What is required: Working from the records below, repeat exactly the lines starting at the line that contains "BMW X5 45e xDrive 290 kW image number 11" and ending at the line that contains "Casa individuală complet", inclusive.

Extracted material:
========
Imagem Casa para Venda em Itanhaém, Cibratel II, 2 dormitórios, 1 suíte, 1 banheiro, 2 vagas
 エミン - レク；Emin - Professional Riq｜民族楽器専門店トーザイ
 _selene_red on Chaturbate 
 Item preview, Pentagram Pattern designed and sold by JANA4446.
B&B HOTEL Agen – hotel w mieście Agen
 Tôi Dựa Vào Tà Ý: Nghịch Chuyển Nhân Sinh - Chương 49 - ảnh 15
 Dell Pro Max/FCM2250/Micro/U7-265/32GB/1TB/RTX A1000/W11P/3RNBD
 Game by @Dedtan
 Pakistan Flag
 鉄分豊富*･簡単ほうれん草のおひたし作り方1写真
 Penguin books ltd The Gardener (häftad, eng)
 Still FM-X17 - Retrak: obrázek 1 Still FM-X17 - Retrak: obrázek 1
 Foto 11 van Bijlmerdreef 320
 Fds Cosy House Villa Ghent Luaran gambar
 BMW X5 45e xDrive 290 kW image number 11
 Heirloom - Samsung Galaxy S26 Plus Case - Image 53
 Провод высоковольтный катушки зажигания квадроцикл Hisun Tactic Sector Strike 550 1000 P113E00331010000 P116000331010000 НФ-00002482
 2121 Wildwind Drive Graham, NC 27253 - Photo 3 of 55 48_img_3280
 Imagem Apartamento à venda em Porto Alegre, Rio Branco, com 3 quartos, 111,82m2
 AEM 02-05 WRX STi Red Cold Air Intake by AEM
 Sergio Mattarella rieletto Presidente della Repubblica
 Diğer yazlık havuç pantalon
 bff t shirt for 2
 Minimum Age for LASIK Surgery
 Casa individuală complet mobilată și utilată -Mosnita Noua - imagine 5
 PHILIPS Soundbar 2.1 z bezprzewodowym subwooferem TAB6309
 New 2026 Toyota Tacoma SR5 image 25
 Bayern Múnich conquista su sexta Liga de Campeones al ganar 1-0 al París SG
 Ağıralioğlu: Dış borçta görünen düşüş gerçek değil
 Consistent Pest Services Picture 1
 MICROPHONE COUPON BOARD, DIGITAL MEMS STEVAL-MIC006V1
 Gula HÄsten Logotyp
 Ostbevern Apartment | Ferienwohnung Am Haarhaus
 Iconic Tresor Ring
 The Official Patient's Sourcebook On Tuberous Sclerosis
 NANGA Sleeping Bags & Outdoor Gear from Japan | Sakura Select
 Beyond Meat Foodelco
========
Exercise result:
 BMW X5 45e xDrive 290 kW image number 11
 Heirloom - Samsung Galaxy S26 Plus Case - Image 53
 Провод высоковольтный катушки зажигания квадроцикл Hisun Tactic Sector Strike 550 1000 P113E00331010000 P116000331010000 НФ-00002482
 2121 Wildwind Drive Graham, NC 27253 - Photo 3 of 55 48_img_3280
 Imagem Apartamento à venda em Porto Alegre, Rio Branco, com 3 quartos, 111,82m2
 AEM 02-05 WRX STi Red Cold Air Intake by AEM
 Sergio Mattarella rieletto Presidente della Repubblica
 Diğer yazlık havuç pantalon
 bff t shirt for 2
 Minimum Age for LASIK Surgery
 Casa individuală complet mobilată și utilată -Mosnita Noua - imagine 5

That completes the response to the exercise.